- [EXERCISE] Return, word for word, the line containing "Interior of a diecast model car." and every line after it through the last line of the records below.

[Dataset entries]
===============
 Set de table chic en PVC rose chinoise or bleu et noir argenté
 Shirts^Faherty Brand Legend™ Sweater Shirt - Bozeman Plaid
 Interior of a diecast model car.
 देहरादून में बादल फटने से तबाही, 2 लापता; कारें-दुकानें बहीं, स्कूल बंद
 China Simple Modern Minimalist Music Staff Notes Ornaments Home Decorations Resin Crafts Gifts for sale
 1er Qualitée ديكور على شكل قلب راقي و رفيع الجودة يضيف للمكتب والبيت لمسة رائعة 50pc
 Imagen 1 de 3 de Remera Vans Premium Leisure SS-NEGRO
===============
- [SOLUTION TO THE PROBLEM]
 Interior of a diecast model car.
 देहरादून में बादल फटने से तबाही, 2 लापता; कारें-दुकानें बहीं, स्कूल बंद
 China Simple Modern Minimalist Music Staff Notes Ornaments Home Decorations Resin Crafts Gifts for sale
 1er Qualitée ديكور على شكل قلب راقي و رفيع الجودة يضيف للمكتب والبيت لمسة رائعة 50pc
 Imagen 1 de 3 de Remera Vans Premium Leisure SS-NEGRO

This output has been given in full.